I'm not hardcore on auto-formatters, but I think their impact on code history is negligible in the case of every legacy system I've worked on. The code history just isn't there. These aren't projects that used git until recently (if at all). Before that they used something else, but when they transitioned they didn't preserve the history. And that's if they used any version control system. I've tried to help teams whose idea of version control was emailing someone (they termed them "QA/CM") to make a read-only backup of the source directory every few months (usually at a critical review period in the project, so a lot of code was changed between these snapshots).
That said, sure, skip them if you're worried about the history getting messed up or use them more selectively.
SVN was a thing by the mid-2000's, and history from that is easy to preserve in git. Just how old are the sourcebases in question? (Not to shoot the messenger; just like, wow.)
I maintain a C++ codebase that was originally written in 1996, and is mission critical for my organization.
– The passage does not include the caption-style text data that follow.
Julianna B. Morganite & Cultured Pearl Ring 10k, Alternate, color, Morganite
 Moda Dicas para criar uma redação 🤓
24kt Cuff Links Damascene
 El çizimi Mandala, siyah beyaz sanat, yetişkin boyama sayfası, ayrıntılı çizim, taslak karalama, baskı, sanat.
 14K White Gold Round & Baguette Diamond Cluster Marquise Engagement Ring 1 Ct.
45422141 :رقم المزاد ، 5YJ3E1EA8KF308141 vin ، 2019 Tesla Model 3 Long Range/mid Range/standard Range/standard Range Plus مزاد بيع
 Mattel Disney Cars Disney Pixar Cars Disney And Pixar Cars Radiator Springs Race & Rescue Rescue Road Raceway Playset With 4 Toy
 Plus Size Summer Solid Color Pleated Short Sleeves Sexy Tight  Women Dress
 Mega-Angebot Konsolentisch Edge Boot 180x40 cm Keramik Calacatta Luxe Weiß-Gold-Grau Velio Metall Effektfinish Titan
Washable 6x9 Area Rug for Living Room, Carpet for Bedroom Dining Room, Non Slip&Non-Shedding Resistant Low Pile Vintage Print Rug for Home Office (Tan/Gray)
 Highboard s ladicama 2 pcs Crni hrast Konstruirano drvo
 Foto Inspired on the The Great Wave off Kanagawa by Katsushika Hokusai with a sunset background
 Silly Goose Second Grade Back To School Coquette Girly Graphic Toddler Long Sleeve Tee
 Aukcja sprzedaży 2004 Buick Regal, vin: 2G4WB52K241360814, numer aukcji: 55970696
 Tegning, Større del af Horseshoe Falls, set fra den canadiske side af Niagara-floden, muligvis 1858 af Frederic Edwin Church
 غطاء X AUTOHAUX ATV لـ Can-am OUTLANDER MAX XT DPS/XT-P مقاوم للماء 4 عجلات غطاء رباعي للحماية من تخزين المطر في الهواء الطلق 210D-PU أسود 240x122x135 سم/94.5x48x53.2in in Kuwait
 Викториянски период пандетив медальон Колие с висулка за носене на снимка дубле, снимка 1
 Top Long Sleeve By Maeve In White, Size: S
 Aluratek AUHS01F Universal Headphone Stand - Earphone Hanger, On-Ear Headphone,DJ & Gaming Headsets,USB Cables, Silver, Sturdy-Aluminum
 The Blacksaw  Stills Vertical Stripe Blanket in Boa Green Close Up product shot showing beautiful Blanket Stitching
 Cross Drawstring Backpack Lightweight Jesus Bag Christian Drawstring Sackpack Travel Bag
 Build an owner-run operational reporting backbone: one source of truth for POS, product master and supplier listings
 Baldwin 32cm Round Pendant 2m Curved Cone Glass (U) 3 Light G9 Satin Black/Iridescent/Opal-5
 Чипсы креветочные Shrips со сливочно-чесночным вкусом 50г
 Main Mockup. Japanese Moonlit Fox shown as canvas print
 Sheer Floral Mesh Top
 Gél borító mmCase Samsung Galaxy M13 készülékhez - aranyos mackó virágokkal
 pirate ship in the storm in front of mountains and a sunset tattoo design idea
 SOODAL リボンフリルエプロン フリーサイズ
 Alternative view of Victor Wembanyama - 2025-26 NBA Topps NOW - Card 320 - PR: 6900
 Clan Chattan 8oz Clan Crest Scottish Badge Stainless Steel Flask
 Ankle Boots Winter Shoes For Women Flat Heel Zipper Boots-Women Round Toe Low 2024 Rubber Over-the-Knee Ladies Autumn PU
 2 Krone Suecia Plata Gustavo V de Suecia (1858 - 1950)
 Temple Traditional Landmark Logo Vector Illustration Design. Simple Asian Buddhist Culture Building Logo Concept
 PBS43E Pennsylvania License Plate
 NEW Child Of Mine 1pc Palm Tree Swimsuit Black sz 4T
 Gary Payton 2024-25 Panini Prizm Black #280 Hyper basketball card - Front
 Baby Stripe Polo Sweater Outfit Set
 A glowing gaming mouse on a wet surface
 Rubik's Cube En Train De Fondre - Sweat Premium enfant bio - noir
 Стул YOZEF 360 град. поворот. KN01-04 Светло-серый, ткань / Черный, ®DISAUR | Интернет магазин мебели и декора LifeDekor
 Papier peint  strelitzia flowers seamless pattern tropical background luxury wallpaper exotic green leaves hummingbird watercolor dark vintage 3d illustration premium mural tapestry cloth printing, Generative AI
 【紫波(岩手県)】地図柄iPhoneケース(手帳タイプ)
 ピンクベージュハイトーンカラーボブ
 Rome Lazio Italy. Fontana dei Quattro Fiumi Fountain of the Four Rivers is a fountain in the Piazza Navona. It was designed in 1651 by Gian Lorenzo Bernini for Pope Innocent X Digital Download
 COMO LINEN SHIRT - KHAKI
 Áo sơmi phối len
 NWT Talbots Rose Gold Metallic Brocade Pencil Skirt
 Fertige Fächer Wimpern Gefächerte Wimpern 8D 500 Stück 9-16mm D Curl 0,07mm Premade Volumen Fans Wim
Originally maintained in Visual Sourcesafe, then in TFS source control, and now git. Some parts of it were rewritten (several times) in C#, but the core is still C++.
I was very worried when we transitioned to git that history will not be preserved and tried to preserve it, but it proved too much hassle so I dropped it.
In fact that proved not to be a problem. Well, not a problem for me, since I remember all the history of the code and all the half forgotten half baked features and why they are there. But if I'm gone then yes, it's going to be a problem. It's in a dire need for a rewrite, but this has been postponed again and again.
The first large C++ project I worked on in mid-1990s was basically preserving a bunch of archived copies of the source tree. CVS was a thing but not on Windows, and SourceSafe was creating more problems than it been solving.
I kept regular tarballs of a project that used SourceSafe right near the start of my career, and found I was more likely to be able to find an intact copy of the right thing to diff against from my tarballs.
I think after a year or so I realised that even bothering to -try- to use SourceSafe was largely silly, got permission to stop, and installed a CVS server on a dev box for my own use.
(yes I know the VCS server shouldn't really be on the dev box I could potentially trash, I didn't have another machine handy and it was still a vast improvement)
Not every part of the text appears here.